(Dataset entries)

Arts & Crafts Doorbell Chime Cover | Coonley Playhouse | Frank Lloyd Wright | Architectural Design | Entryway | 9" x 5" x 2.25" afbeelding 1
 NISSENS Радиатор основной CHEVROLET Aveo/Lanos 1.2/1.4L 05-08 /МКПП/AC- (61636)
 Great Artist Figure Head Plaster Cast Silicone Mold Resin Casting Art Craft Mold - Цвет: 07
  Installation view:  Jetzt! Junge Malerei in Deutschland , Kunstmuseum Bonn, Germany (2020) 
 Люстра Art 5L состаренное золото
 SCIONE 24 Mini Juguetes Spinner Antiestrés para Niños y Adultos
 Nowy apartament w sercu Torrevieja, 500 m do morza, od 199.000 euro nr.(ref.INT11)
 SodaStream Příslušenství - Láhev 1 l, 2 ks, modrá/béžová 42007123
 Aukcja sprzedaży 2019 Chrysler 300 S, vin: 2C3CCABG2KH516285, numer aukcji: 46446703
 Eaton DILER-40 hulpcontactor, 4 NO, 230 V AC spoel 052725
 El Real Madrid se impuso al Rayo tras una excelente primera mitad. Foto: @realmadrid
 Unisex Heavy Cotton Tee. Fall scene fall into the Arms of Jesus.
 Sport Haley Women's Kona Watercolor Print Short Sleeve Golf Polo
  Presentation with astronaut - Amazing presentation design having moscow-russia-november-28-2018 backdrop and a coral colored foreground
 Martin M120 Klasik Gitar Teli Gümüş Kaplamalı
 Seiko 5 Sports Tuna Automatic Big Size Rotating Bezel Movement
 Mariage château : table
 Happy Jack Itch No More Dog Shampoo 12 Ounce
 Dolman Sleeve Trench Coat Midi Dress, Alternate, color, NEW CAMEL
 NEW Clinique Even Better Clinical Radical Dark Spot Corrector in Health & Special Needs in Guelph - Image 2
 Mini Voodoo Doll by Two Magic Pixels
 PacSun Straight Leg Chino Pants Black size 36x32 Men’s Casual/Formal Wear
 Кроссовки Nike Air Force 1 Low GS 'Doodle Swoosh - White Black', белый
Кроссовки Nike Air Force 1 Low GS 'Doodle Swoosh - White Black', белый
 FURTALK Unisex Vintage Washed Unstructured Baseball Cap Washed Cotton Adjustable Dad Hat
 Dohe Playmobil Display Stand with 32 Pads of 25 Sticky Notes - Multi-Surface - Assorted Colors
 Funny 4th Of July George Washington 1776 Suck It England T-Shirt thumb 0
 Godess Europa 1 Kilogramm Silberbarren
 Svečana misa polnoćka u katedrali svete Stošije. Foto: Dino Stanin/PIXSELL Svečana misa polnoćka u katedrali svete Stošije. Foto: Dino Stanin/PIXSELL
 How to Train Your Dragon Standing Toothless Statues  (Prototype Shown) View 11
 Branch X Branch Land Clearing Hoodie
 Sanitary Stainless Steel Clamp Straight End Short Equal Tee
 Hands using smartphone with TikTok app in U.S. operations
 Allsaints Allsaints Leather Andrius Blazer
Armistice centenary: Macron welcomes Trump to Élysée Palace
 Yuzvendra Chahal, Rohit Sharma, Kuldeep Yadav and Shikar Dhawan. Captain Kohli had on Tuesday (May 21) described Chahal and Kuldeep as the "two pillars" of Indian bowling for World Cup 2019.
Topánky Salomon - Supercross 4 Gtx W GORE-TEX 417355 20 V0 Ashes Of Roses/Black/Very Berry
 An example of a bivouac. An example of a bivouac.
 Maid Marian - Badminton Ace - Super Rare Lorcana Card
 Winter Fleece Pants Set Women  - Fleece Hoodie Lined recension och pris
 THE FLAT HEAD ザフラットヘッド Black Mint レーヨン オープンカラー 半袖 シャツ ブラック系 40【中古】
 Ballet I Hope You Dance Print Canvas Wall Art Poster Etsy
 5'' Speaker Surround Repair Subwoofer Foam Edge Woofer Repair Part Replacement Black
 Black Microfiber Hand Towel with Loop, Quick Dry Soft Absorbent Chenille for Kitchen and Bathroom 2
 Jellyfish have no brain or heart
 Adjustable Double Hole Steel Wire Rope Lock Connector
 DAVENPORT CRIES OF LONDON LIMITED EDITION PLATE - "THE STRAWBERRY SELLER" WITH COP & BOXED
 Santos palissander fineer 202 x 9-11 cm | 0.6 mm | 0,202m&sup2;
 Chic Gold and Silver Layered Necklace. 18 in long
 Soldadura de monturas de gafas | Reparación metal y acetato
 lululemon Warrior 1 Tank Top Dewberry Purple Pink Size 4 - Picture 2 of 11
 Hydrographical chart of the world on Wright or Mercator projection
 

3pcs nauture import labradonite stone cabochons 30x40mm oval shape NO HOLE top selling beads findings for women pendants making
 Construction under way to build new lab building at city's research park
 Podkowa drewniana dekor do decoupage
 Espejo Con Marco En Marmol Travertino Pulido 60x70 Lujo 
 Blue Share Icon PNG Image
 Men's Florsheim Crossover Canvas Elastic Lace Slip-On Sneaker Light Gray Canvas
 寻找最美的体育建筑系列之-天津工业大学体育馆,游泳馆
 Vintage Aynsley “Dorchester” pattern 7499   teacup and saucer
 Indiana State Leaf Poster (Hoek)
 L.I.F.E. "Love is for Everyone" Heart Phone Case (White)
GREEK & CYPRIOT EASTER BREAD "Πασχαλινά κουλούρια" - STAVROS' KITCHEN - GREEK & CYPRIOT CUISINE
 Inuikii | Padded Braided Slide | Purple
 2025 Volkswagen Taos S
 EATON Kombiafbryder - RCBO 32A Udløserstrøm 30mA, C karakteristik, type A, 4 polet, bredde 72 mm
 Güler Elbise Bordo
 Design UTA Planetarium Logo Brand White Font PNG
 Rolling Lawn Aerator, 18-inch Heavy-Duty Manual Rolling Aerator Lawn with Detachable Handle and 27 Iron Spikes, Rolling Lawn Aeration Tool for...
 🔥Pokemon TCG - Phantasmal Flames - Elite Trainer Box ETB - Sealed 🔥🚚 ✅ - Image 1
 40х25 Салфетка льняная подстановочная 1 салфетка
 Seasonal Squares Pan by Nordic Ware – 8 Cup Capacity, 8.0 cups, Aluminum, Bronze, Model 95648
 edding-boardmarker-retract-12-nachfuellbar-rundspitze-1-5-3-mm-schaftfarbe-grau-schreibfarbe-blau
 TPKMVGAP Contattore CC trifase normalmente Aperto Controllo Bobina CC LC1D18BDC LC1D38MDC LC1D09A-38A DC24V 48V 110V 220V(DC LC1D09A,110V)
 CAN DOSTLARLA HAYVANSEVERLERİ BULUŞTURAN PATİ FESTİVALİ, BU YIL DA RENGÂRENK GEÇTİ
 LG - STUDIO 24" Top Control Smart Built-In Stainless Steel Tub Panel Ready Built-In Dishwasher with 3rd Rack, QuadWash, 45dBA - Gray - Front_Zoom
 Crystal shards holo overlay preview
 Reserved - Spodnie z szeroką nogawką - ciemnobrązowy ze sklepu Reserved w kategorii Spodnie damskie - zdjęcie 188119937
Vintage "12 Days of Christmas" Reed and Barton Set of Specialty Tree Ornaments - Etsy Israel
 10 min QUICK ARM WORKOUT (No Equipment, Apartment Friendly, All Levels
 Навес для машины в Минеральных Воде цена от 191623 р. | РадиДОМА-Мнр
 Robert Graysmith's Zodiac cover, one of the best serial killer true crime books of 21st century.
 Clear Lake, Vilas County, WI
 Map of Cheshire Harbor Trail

| ABOUT THIS TASK |
Every entry must be output again exactly as it was given.

| SOLUTION TO THE EXERCISE |
Arts & Crafts Doorbell Chime Cover | Coonley Playhouse | Frank Lloyd Wright | Architectural Design | Entryway | 9" x 5" x 2.25" afbeelding 1
 NISSENS Радиатор основной CHEVROLET Aveo/Lanos 1.2/1.4L 05-08 /МКПП/AC- (61636)
 Great Artist Figure Head Plaster Cast Silicone Mold Resin Casting Art Craft Mold - Цвет: 07
  Installation view:  Jetzt! Junge Malerei in Deutschland , Kunstmuseum Bonn, Germany (2020) 
 Люстра Art 5L состаренное золото
 SCIONE 24 Mini Juguetes Spinner Antiestrés para Niños y Adultos
 Nowy apartament w sercu Torrevieja, 500 m do morza, od 199.000 euro nr.(ref.INT11)
 SodaStream Příslušenství - Láhev 1 l, 2 ks, modrá/béžová 42007123
 Aukcja sprzedaży 2019 Chrysler 300 S, vin: 2C3CCABG2KH516285, numer aukcji: 46446703
 Eaton DILER-40 hulpcontactor, 4 NO, 230 V AC spoel 052725
 El Real Madrid se impuso al Rayo tras una excelente primera mitad. Foto: @realmadrid
 Unisex Heavy Cotton Tee. Fall scene fall into the Arms of Jesus.
 Sport Haley Women's Kona Watercolor Print Short Sleeve Golf Polo
  Presentation with astronaut - Amazing presentation design having moscow-russia-november-28-2018 backdrop and a coral colored foreground
 Martin M120 Klasik Gitar Teli Gümüş Kaplamalı
 Seiko 5 Sports Tuna Automatic Big Size Rotating Bezel Movement
 Mariage château : table
 Happy Jack Itch No More Dog Shampoo 12 Ounce
 Dolman Sleeve Trench Coat Midi Dress, Alternate, color, NEW CAMEL
 NEW Clinique Even Better Clinical Radical Dark Spot Corrector in Health & Special Needs in Guelph - Image 2
 Mini Voodoo Doll by Two Magic Pixels
 PacSun Straight Leg Chino Pants Black size 36x32 Men’s Casual/Formal Wear
 Кроссовки Nike Air Force 1 Low GS 'Doodle Swoosh - White Black', белый
Кроссовки Nike Air Force 1 Low GS 'Doodle Swoosh - White Black', белый
 FURTALK Unisex Vintage Washed Unstructured Baseball Cap Washed Cotton Adjustable Dad Hat
 Dohe Playmobil Display Stand with 32 Pads of 25 Sticky Notes - Multi-Surface - Assorted Colors
 Funny 4th Of July George Washington 1776 Suck It England T-Shirt thumb 0
 Godess Europa 1 Kilogramm Silberbarren
 Svečana misa polnoćka u katedrali svete Stošije. Foto: Dino Stanin/PIXSELL Svečana misa polnoćka u katedrali svete Stošije. Foto: Dino Stanin/PIXSELL
 How to Train Your Dragon Standing Toothless Statues  (Prototype Shown) View 11
 Branch X Branch Land Clearing Hoodie
 Sanitary Stainless Steel Clamp Straight End Short Equal Tee
 Hands using smartphone with TikTok app in U.S. operations
 Allsaints Allsaints Leather Andrius Blazer
Armistice centenary: Macron welcomes Trump to Élysée Palace
 Yuzvendra Chahal, Rohit Sharma, Kuldeep Yadav and Shikar Dhawan. Captain Kohli had on Tuesday (May 21) described Chahal and Kuldeep as the "two pillars" of Indian bowling for World Cup 2019.
Topánky Salomon - Supercross 4 Gtx W GORE-TEX 417355 20 V0 Ashes Of Roses/Black/Very Berry
 An example of a bivouac. An example of a bivouac.
 Maid Marian - Badminton Ace - Super Rare Lorcana Card
 Winter Fleece Pants Set Women  - Fleece Hoodie Lined recension och pris
 THE FLAT HEAD ザフラットヘッド Black Mint レーヨン オープンカラー 半袖 シャツ ブラック系 40【中古】
 Ballet I Hope You Dance Print Canvas Wall Art Poster Etsy
 5'' Speaker Surround Repair Subwoofer Foam Edge Woofer Repair Part Replacement Black
 Black Microfiber Hand Towel with Loop, Quick Dry Soft Absorbent Chenille for Kitchen and Bathroom 2
 Jellyfish have no brain or heart
 Adjustable Double Hole Steel Wire Rope Lock Connector
 DAVENPORT CRIES OF LONDON LIMITED EDITION PLATE - "THE STRAWBERRY SELLER" WITH COP & BOXED
 Santos palissander fineer 202 x 9-11 cm | 0.6 mm | 0,202m&sup2;
 Chic Gold and Silver Layered Necklace. 18 in long
 Soldadura de monturas de gafas | Reparación metal y acetato
 lululemon Warrior 1 Tank Top Dewberry Purple Pink Size 4 - Picture 2 of 11
 Hydrographical chart of the world on Wright or Mercator projection
 

3pcs nauture import labradonite stone cabochons 30x40mm oval shape NO HOLE top selling beads findings for women pendants making
 Construction under way to build new lab building at city's research park
 Podkowa drewniana dekor do decoupage
 Espejo Con Marco En Marmol Travertino Pulido 60x70 Lujo 
 Blue Share Icon PNG Image
 Men's Florsheim Crossover Canvas Elastic Lace Slip-On Sneaker Light Gray Canvas
 寻找最美的体育建筑系列之-天津工业大学体育馆,游泳馆
 Vintage Aynsley “Dorchester” pattern 7499   teacup and saucer
 Indiana State Leaf Poster (Hoek)
 L.I.F.E. "Love is for Everyone" Heart Phone Case (White)
GREEK & CYPRIOT EASTER BREAD "Πασχαλινά κουλούρια" - STAVROS' KITCHEN - GREEK & CYPRIOT CUISINE
 Inuikii | Padded Braided Slide | Purple
 2025 Volkswagen Taos S
 EATON Kombiafbryder - RCBO 32A Udløserstrøm 30mA, C karakteristik, type A, 4 polet, bredde 72 mm
 Güler Elbise Bordo
 Design UTA Planetarium Logo Brand White Font PNG
 Rolling Lawn Aerator, 18-inch Heavy-Duty Manual Rolling Aerator Lawn with Detachable Handle and 27 Iron Spikes, Rolling Lawn Aeration Tool for...
 🔥Pokemon TCG - Phantasmal Flames - Elite Trainer Box ETB - Sealed 🔥🚚 ✅ - Image 1
 40х25 Салфетка льняная подстановочная 1 салфетка
 Seasonal Squares Pan by Nordic Ware – 8 Cup Capacity, 8.0 cups, Aluminum, Bronze, Model 95648
 edding-boardmarker-retract-12-nachfuellbar-rundspitze-1-5-3-mm-schaftfarbe-grau-schreibfarbe-blau
 TPKMVGAP Contattore CC trifase normalmente Aperto Controllo Bobina CC LC1D18BDC LC1D38MDC LC1D09A-38A DC24V 48V 110V 220V(DC LC1D09A,110V)
 CAN DOSTLARLA HAYVANSEVERLERİ BULUŞTURAN PATİ FESTİVALİ, BU YIL DA RENGÂRENK GEÇTİ
 LG - STUDIO 24" Top Control Smart Built-In Stainless Steel Tub Panel Ready Built-In Dishwasher with 3rd Rack, QuadWash, 45dBA - Gray - Front_Zoom
 Crystal shards holo overlay preview
 Reserved - Spodnie z szeroką nogawką - ciemnobrązowy ze sklepu Reserved w kategorii Spodnie damskie - zdjęcie 188119937
Vintage "12 Days of Christmas" Reed and Barton Set of Specialty Tree Ornaments - Etsy Israel
 10 min QUICK ARM WORKOUT (No Equipment, Apartment Friendly, All Levels
 Навес для машины в Минеральных Воде цена от 191623 р. | РадиДОМА-Мнр
 Robert Graysmith's Zodiac cover, one of the best serial killer true crime books of 21st century.
 Clear Lake, Vilas County, WI
 Map of Cheshire Harbor Trail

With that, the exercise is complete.